OK, now the tube will have a 12mm OD on one end that will fit into the compression fitting of the check valve and the other end will screw into the 1/4 NPT port fitting. The reason for a compression fitting is so you can assemble the whole thing with the tube inside the check valve and screw in the 1/4NPT into the port fitting. Wherever it screws to, it will leave some tube inside the check valve and you tighten the compression fitting at that point. After that, I plan on reusing the hoses, which have the banjo fittings and bolts. But they are the 13mm ones. They also have a 90° metric JIC on the other end to fit the valve spool, so I'm not going to try to chase that down too.
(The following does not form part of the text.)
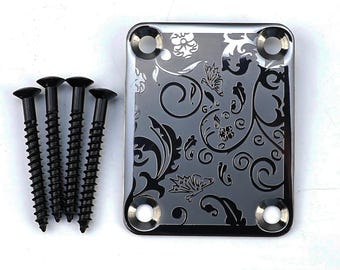 Stainless Steel Engraved Neck Plate 64mm x 52mm - Black, Chrome, Gold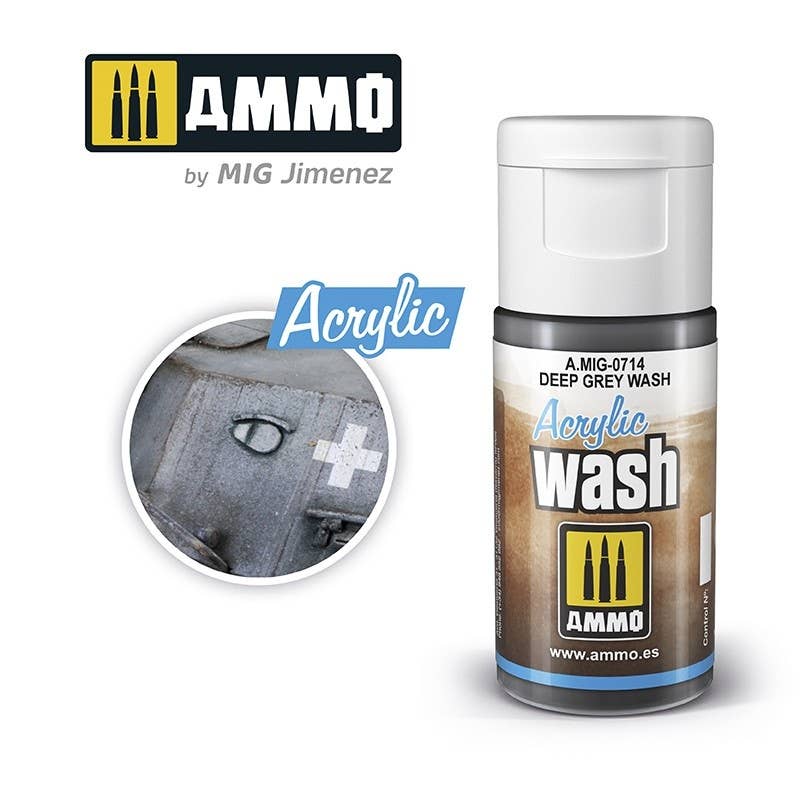 Ammo Mig Deep Grey Acrylic Wash | 8432074007142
Now for the last fitting. The outlet and inlet on the DPOCV is 3/8NPT of all things! So I got a 3/8NPT bushing to thread into the check valve and will drill and tap the inside of it to 13mm x 1.5. Then I can bolt the old hoses on with the old 13mm banjo bolts and be done with it.
This how I'd like to have the check valve sit on the cylinder.



This adds another dimension to my "no-brainer" project.
 
/ Backhoe Feet
  • Thread Starter
#15  
Well, I got the 13mm tap and die ... set me back a cool 68 bucks for nothing. I drilled and tapped a practice hole to see if the banjo bolt goes in ... no dice. So they are not 13mm after all.:mad: Now I think they are British straight (parallel) thread. Crap.

I'll order some adapters from Discount hydraulics and get several different kinds until one fits.
 
/ Backhoe Feet #16  
I was just wondering why you didn't remake the whole part instead of welding in short pieces? Seems like cutting out the shape and drilling the whole would have been about as easy and almost as pretty, and a little stronger.
David from jax
 
/ Backhoe Feet #17  
Rob,
Did you get a deal on that red paint? I enjoy reading and watching your customizations. Gives me lots of ideas.
 
/ Backhoe Feet
  • Thread Starter
#18  
sandman2234 said:
I was just wondering why you didn't remake the whole part instead of welding in short pieces? Seems like cutting out the shape and drilling the whole would have been about as easy and almost as pretty, and a little stronger.
David from jax
David,
I used a 3/4" x 3" bar I had in the garage. It seemed like the right thing to do at the time.:)
 
/ Backhoe Feet
  • Thread Starter
#19  
dtd24 said:
Rob,
Did you get a deal on that red paint? I enjoy reading and watching your customizations. Gives me lots of ideas.
Thanks,
I guess some mods I have done are pretty cool and others ... well ... :confused:
Yeah, red paint is cheap at Home Depot.:) And it matches my tractor. Now I've got to paint the backhoe and fel red too.
 
/ Backhoe Feet
  • Thread Starter
#20  
Here's an update. I started trying to make the hydraulic tube that goes from the cylinder ports to the DPOCV. This required making an NPT thread on on side and a Ø.480 on the other to fit inside the metric compression ring. I used 303SS hex stock, turned one side and used a 1/4NPT die to put the threads on. Then flipped it around to turn and drill through.







This is how they turned out.
I left the hex for a wrench so I wouldn't need to use a pipe wrench and scuff up the tube.